Required work
Lines from the beginning of the entries up to and including the one with "220 Gilwood Park" must be duplicated word for word; leave out all others.

(Dataset excerpts)

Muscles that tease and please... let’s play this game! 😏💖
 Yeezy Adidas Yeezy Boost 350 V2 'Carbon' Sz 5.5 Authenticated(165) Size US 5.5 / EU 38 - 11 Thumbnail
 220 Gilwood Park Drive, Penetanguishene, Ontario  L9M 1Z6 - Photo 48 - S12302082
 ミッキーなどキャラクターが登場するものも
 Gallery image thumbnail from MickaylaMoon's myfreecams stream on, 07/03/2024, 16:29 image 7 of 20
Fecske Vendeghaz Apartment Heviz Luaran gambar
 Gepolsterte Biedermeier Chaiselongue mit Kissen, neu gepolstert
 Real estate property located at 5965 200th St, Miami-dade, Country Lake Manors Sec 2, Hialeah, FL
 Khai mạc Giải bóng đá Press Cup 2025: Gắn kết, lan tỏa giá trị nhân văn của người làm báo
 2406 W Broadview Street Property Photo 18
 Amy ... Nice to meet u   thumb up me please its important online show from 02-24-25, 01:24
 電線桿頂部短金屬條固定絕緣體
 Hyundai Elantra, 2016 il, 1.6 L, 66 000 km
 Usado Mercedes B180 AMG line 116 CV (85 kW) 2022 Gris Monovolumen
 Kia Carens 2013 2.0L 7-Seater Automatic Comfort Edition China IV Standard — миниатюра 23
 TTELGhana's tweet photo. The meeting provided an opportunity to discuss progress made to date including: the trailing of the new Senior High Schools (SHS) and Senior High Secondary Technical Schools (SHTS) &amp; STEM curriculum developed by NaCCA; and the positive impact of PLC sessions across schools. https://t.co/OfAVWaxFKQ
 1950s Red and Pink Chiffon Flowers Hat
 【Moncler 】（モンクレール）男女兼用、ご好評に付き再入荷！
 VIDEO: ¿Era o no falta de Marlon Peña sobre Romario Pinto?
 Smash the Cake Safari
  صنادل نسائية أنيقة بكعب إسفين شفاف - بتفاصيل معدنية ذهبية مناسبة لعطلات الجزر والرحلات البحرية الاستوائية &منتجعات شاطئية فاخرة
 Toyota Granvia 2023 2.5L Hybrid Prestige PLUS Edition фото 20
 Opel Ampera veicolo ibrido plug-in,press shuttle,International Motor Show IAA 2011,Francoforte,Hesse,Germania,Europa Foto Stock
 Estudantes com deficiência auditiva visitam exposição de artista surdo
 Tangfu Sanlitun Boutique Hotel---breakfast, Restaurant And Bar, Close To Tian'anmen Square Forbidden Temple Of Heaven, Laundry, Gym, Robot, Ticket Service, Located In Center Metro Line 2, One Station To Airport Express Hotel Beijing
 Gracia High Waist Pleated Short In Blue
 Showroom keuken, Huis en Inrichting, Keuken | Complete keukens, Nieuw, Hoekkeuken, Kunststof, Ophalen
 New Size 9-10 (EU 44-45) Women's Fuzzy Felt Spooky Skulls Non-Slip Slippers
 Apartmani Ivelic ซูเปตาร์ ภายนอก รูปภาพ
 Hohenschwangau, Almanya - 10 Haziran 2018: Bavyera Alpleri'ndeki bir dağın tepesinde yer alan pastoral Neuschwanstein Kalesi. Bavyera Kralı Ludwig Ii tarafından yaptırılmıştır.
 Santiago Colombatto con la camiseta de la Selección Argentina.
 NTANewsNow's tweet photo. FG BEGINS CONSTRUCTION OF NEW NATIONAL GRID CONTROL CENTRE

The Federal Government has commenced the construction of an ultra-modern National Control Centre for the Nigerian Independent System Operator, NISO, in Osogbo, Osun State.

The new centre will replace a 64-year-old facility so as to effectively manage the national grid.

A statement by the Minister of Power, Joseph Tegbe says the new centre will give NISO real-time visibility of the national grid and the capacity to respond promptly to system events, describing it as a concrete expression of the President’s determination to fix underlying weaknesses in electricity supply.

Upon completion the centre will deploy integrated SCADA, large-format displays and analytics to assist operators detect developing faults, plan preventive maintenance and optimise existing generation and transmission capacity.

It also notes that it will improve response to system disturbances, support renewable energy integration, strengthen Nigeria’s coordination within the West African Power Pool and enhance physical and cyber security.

Task output
Muscles that tease and please... let’s play this game! 😏💖
 Yeezy Adidas Yeezy Boost 350 V2 'Carbon' Sz 5.5 Authenticated(165) Size US 5.5 / EU 38 - 11 Thumbnail
 220 Gilwood Park Drive, Penetanguishene, Ontario  L9M 1Z6 - Photo 48 - S12302082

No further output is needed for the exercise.